Primeiro-damismo: da desesperança à consciência da dor e alegria de se tornar cidadã

Tenho sentido o peso e a dor advindos do pouco de cidadania que sou capaz de exercer num País onde direitos sociais são tratados com descaso e instabilidade sob o discurso estólido e perverso de que são os responsáveis por desequilíbrios no orçamento público – porque não dizer que são tratados com violência institucional!  Como ficar indiferente a um processo onde tentam colocar, mais uma vez, a culpa nos pobres? como ficar indiferente num processo onde se legitima a corrupção daqueles que não sabem o que é ficar na fila do SUS, na fila do Cadastro Único, na escola com uma sala onde a temperatura chega a 36 graus, tendo mais de 50 alunos, onde caberia 30? E o que dizer da escória que embolsa o dinheiro público destinado à merenda escolar? A humilhação social deita e acorda com essa gente que eles insistem em desqualificar ao oferecê-los, sob a égide da bondade e da benemerência, o trabalho voluntário. O trabalho pautado no discurso romanceado de criança feliz. Um mero engodo para que estas crianças não sintam na pele a dor e a alegria de serem gente; de pertencerem ao mundo e constatarem que o mundo também as pertencem! Só vão sentir a dor de serem ‘ralé’, a dor por nunca serem cidadãs de bem o suficiente para agradecerem pela bondade da primeira-dama que se esforça num trabalho voluntário para salvá-las apontando, como única possibilidade, uma estética burguesa. Notícias como essa acima, que evidenciam esse ranço ainda tão dominante na nossa cultura, me trazem uma desesperança muito grande quanto as políticas sociais, e questiono o quanto podemos contribuir, de fato, nas políticas públicas.

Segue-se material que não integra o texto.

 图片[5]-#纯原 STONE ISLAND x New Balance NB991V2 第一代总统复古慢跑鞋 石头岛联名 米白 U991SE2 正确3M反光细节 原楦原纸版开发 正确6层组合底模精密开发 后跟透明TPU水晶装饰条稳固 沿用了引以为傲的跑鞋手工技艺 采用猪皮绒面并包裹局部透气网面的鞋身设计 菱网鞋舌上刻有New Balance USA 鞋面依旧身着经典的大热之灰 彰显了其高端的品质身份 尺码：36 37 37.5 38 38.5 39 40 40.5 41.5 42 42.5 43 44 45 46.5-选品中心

Apesar da desesperança bater (quase sempre 🙁 ), eu tenho ciência que sou uma cidadã/profissional muito melhor depois que ingressei no SUAS, e que há avanços sólidos na assistência social. Por isso, hoje, mesmo constatando que a consciência crítica também traz sofrimento, eu só quero confiar que terei coragem para continuar desafiando as leis que regem a invisibilidade ou manutenção da desigualdade social, porque como dizia o saudoso Marcus Vinicius, temos um único problema: a desigualdade social. E na rotina do trabalho nas políticas sociais, sabe-se que ela é a gênese de tantos outros. Não temerei a alegria de me sentir pertencente ao mundo, assim como não temerei as dores no árduo trabalho de transformação das relações que o fazem e que, consequentemente, me fazem!